フランケンシュタイン男爵の下男を勤めるハンスは、村の酒場の娘クリスティーナと恋仲にあった。しかし、ある日クリスティーナをからかう酒場のごろつき達とハンスは喧嘩をおこし、ハンスを恨むごろつき達は殺人の濡れ衣をハンスに被せてしまう。殺人罪で処刑されるハンス。それを知り入水自殺をするクリスティーナ。悲恋の二人の遺体を引き取ったフランケンシュタイン男爵は、クリスティーナの遺体にハンスの精神を移し込み、彼女を美しい女性として甦らせた!やがて、二人の復讐が始まる・・・。

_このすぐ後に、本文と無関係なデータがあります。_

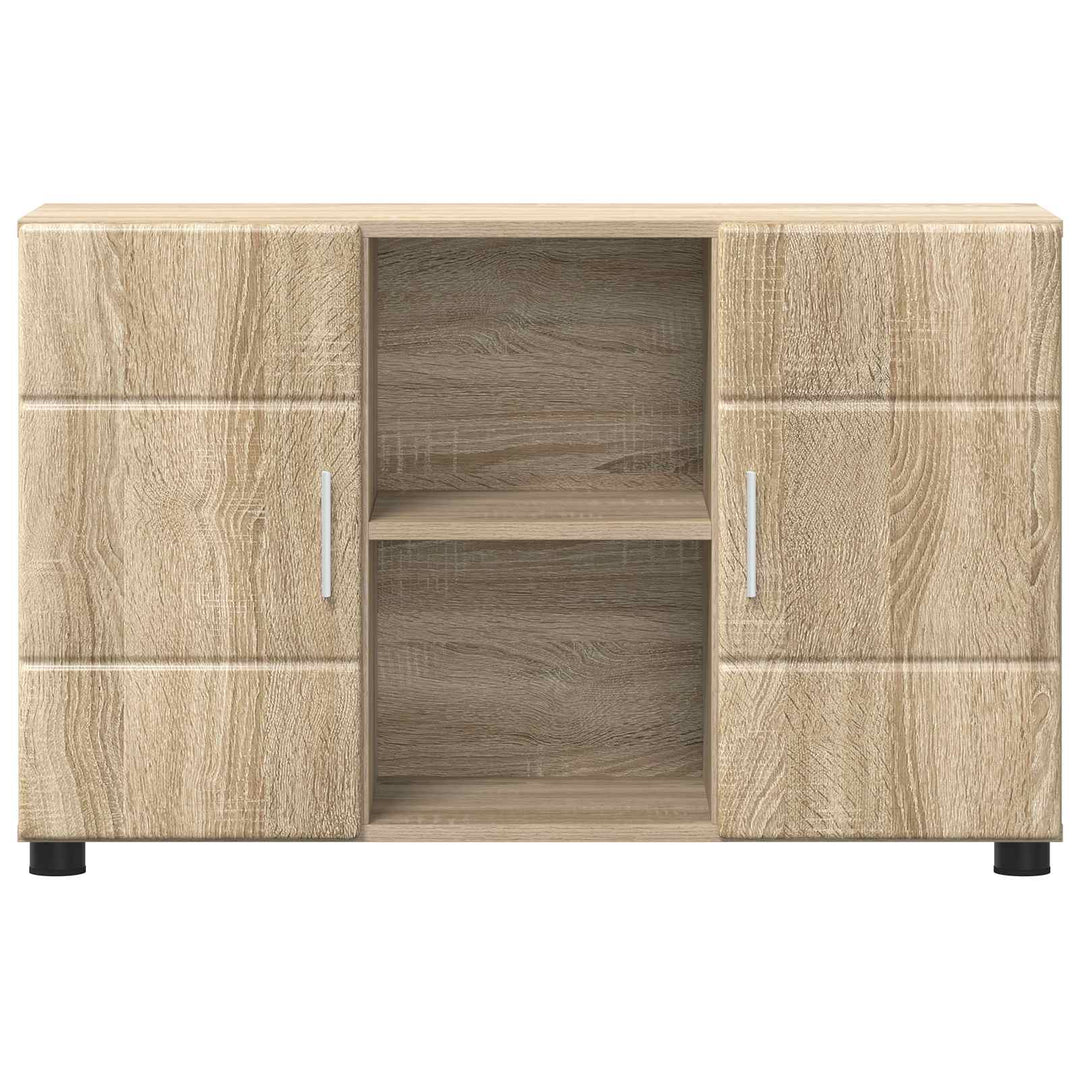 Sideboard FLORIN 88,5 x 30,5 x 55,5 cm Sonoma eg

創造物がそれまでのグロテスクなものから打って変わり、プレイメイト出身の美しいスーザン・デンバーグ演ずる女性となるのを受け、悲恋風に展開される物語が秀逸。作品全体もそれに合わせ細かい配慮が行き届いており、家庭的で和やかな雰囲気が漂う室内のセットにはじまり、御馴染みピーター・カッシング演ずるフランケンシュタイン男爵の性格もかなり穏やかに変更。研究テーマも精神の移転であるためショッキングな手術シーンがない等、非常に良く出来たドラマとして楽しむことができる。
特にカッシングのカッコ良さはシリーズ中群を抜いており、真摯なまでの研究への熱意と姿勢は、ある種のヒロイズムすら感じさせる。フランケンシュタインとその助手を務めるヘルツ医師とのかけあいも、ホームズとワトソンよろしくコミカルなテンポと間があり、自らをも実験台とするマッド・ドクターとしての側面を覗かせつつもフランケンシュタインの人間的な魅力を強く感じさせる作品である。
その結果として、『フランケンシュタイン死美人の復讐』(1967)は怪奇映画としては刺激が弱く、初作のような強烈にショッキングなものを期待すると肩透かしをくらうこととなる。が、シリーズとして確立された、カッシング演ずるフランケンシュタイン男爵という「キャラクター」を期待するならば、本作はその期待を裏切ることのない、非常に優れた映画であると言うことができるだろう。